> **PROBLEM DESCRIPTION**
Below is a listing. Return the lines from the one that contains "Hey everyone, in" to the one that contains "Now you can", both ends included, verbatim and with no pictures.

> **INFORMATION SUPPLIED**
= Beginning of Section =
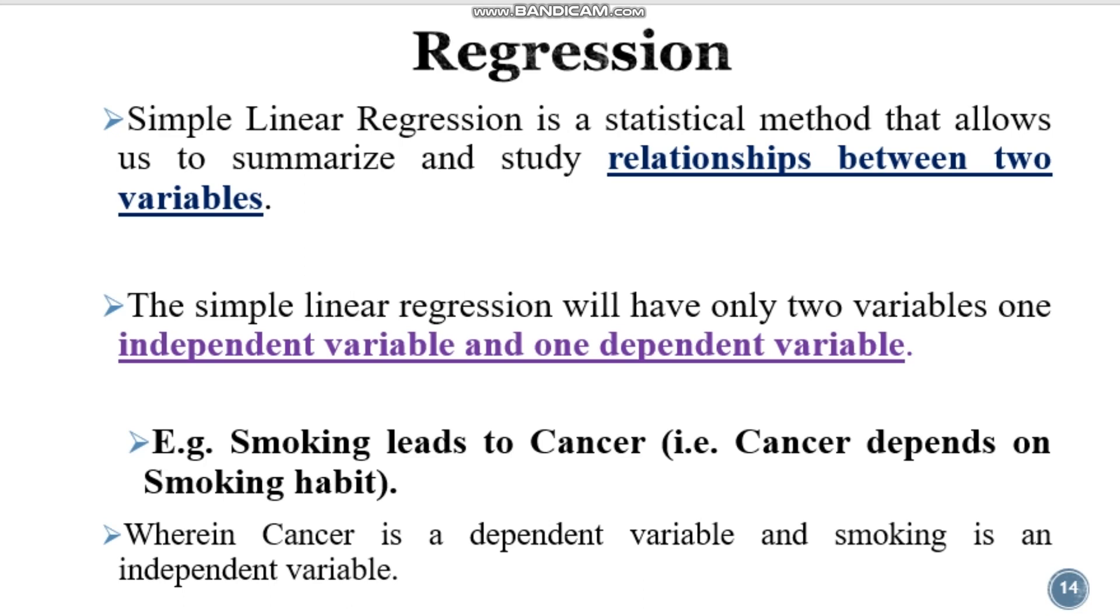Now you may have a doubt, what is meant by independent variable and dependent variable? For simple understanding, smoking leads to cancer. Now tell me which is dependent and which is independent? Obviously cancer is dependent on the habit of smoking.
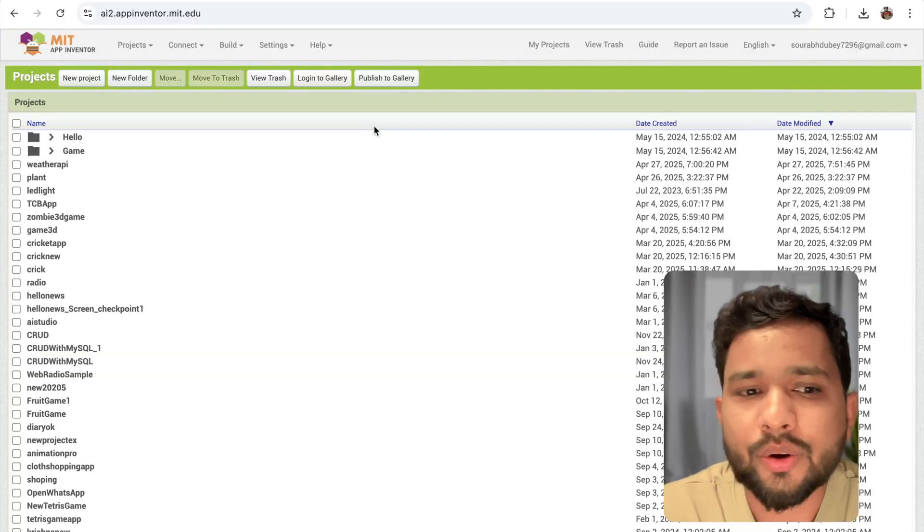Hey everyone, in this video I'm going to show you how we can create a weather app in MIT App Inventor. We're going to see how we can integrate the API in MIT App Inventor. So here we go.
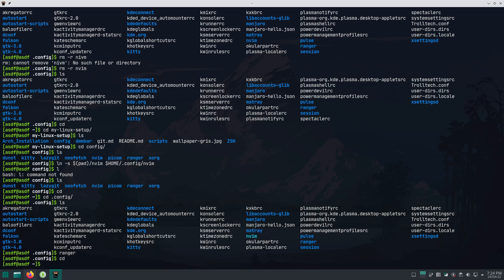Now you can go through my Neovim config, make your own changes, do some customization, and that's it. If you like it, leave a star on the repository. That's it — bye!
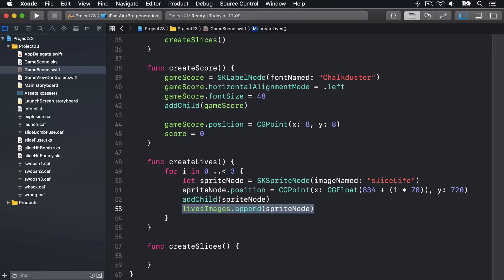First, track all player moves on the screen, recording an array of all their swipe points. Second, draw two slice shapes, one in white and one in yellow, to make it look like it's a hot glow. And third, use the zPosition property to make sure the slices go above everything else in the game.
= End of Section =
> **ANSWER FOR THIS EXERCISE**
Hey everyone, in this video I'm going to show you how we can create a weather app in MIT App Inventor. We're going to see how we can integrate the API in MIT App Inventor. So here we go.
Now you can go through my Neovim config, make your own changes, do some customization, and that's it. If you like it, leave a star on the repository. That's it — bye!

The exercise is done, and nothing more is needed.